Music, Art and Drama flourished and the Music department continued to present a largely classical repertoire but also encouraged the inclusion of works composed by gifted pupils, several of whom had entered the School as a result of the Music Scholarship established by the Worshipful Company of Musicians and the City of London itself. The scholarships were becoming increasingly important and the School was keen to continue to give opportunities to girls with good ability whose parents could not meet the full fees. Over the next few years a number of Scholarships were established and the School’s own Bursary Fund Appeal was launched.

 City of London School for GirlsThe standards of academic achievements remained excellent and changes within the curriculum saw subjects such as Economics and Sociology offered as additional subjects at advanced level alongside History of Art and Classical Civilisation. Computer Studies was introduced in 1985. A Media Resources Centre was also established. Prize Day was held in the Great Hall of Guildhall in 1985 and subsequently in Barbican Hall.

In her final Prize Day report in 1985, Miss Mackie spoke of the changes that lay ahead; GCE was giving place to the new GCSE examination; there would be increasing demand for Craft Design and Technology courses and extra accommodation would be required. Mrs. Valerie France BA (Oxon) FRGS (later Lady France) took over as Headmistress in September 1986 and, with the introduction of new courses into the School, there was a need for extension of space and facilities.

The new CDT Centre was formally opened in May 1992 and the Headmistress then asked the Governors to turn their attention to reviewing other space requirements to take account of the demands of the National Curriculum. The 94- seat Lecture Theatre and Sixth Form lakeside Common Room and study area were developed, major changes made to the Library, and the Main Hall transformed into a flexible theatre area. Two new laboratories, a Media Resources room, a recording studio, a larger staff work area and extra storage space were also added. From 1993 a further phase of work began with the building of a new multi-purpose hall constructed in the open area of the top floor which was formerly a paved garden.

This was a great time of creative activity in the School led by the Music and Art departments and further fostered by the new proximity of the City of London School, which had moved into fine new buildings in 1986. School trips were plentiful and pupil exchanges were soon under way with schools in several European countries.

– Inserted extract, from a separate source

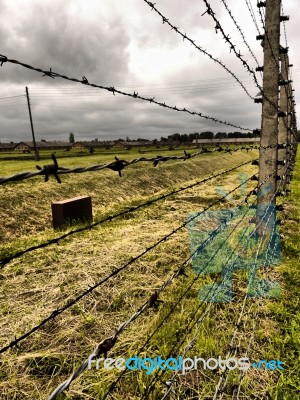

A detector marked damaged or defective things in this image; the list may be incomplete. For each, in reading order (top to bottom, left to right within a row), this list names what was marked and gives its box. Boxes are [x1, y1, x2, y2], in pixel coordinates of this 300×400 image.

rusty concrete block [51, 196, 92, 228]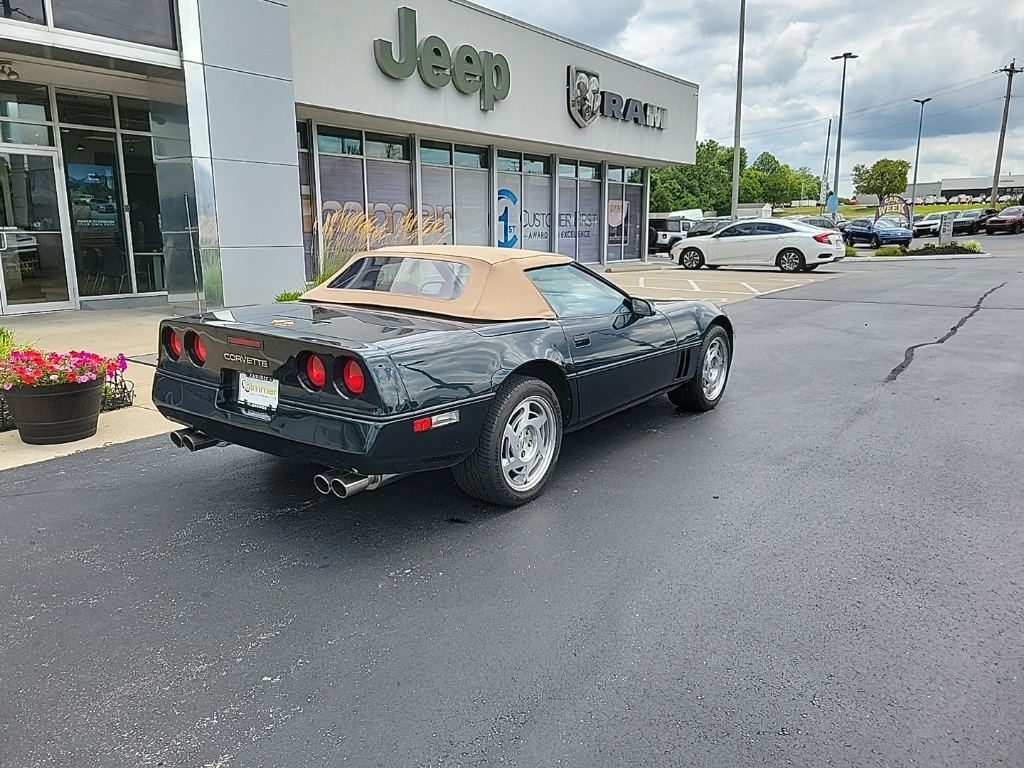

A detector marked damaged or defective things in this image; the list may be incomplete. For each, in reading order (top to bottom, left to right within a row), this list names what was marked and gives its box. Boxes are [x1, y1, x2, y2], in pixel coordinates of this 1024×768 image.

asphalt crack [888, 282, 1008, 384]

The School’s charity group, Mission, had become well established. In 1994 the School celebrated its Centenary Year with a range of exciting events, culminating in a visit by Her Majesty Queen Elizabeth II to open the new multi-purpose hall and plant a magnolia tree in the sunken garden, as a permanent reminder of her visit.

The above is a précis of ‘Daughters of the City’ a history of the School written by Joan Carden, Jean Cardy, Rosemary Hamilton, Pat Bawden and Anne Savage published around the time of the School’s centenary.

POSTSCRIPT
Lady France retired in 1994 and Dr. Yvonne Burne took over the School in 1995 after seven years as Headmistress of St Helen’s Northwood. With the increasingly expanding electronic world, she remained a firm pillar, committed to reinforcing the endless options available to students. Under her leadership, City hosted the first Women in Leadership Conference and the Breaking Moulds Conference. She was also committed to expanding the School’s outreach work. City was one of the founding schools in the East London Consortium group, and currently hosts a series of Saturday Schools for less privileged girls from neighbouring boroughs. Dr Burne was awarded the OBE in the 2008 Queen’s Birthday Honours List for her commitment to education. Following Dr Burne’s retirement in 2007, Miss Diana Vernon became Headmistress after seven years as Headmistress of Woldingham School, Surrey.